By moving the mouse over the plot, we're shifting focus to the closest data sample represented by black marker. The figure title provides details about the highlighted sample, such as its index in the data set and class.
6.1.1. Legend ↩
The legend may be switched on either by a toolbar button or by pressing the
l
key (as in l
egend):
6.1.2. Changing features ↩
We can change features shown in sdscatter
using arrow buttons on the
toolbar or with corresponding cursor keys. "Left" and "Right" arrow flips
through the features on the horizontal and "Up" and "Down" through the
features on the vertical axis.
In order to directly select a feature of interest, use right click on the axis legend. A pop-up menu will appear listing the features available.
If more than 25 features are present in the data set, a dialog will appear allowing us to select a feature by its index.
6.1.3. Sample inspector ↩
Sample inspector shows a detailed view of a current sample. We can select
the Show sample inspector command from Scatter menu. The dialog opens
asking for the name of the data set which contains data of intereset. We
will type a
and click on OK. A separate window opens showing detailed
view of the currently highlighted example.
If our data set contains images, sample inspector may show the per-sample
image instead of feature plot. To show image data, the sample inspector
needs information on image size. We can add this to our data set a
as
'imsize' data property, indicating that it contains image information
rescaled into [32 32] raster:
>> a=setprop
(a,'imsize',[32 32],'data')
381 by 1024 sddata, 17 classes: [31 28 24 33 19 21 57 26 21 9 13 15 14 1 14 29 26]
You can use the sample inspector to identify outliers or to understand which objects fall in the area of overlap.
6.1.4. Switching between different sets of labels ↩
It is often beneficial to use multiple sets of labels. For example, in a medical problem, we may be interested not only in the top-level class such as 'disease'/'no-disease' but also in specific type of tissue or in the patient the sample originates from.
sdscatter
may visualize any sample labeling available in the data
set. Any sdlab
object stored as a sample property is available.
Let's use a medical data set from cancer detection problem in this example. It contains information on pixels in scans of multiple patients. For each pixel, we know the high-level label such as 'disease'/'no-disease' more precise tissue type and patient:
>> load medical;
>> a'
'medical all' 225119 by 11 sddata, 2 classes: 'disease'(56652) 'no-disease'(168467)
sample props: 'lab'->'class' 'class'(L) 'pixel'(N) 'patient'(L) 'tissue'(L)
feature props: 'featlab'->'featname' 'featname'(L)
data props: 'data'(N)
>> sdscatter(a)
We may switch between different labels via Use label command in Scatter menu.
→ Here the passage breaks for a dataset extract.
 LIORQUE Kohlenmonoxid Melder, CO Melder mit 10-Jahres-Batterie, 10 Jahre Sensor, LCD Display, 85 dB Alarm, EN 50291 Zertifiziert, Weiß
Switching to patient labeling:
We may switch quickly to a specific set of labels using the 1-9 shortcut keys. In our example, the tissue labels are accessible by pressing '3':
6.1.5. Visualizing subsets of samples ↩
sdscatter
allows us to show only subset of samples defined by label
values. This feature is accessible via the Sample filter command in
Scatter menu.
For example, we may be interested only in no-disease tissues. We can select only no-disease examples in *Scatter/Sample filter/class*.
Note the filter string above the figure - it shows that 1 or 3 classes is shown in the current label set.
Any filter may be inverted using 'Invert filter on...' menu command or 'i' keystroke.
Now, the scatter plot shows two or the three classes.
We may combine multiple filters. For example, we might be interested only in no-disease of patient 'Dick'. Switch to patient labels (Scatter/Use Labels).
We may choose specific class in several ways.
- Sometimes, we can just directly point with a mouse to a sample of desired class, use right-click context menu with 'Show only this class' (or 'o' keystroke).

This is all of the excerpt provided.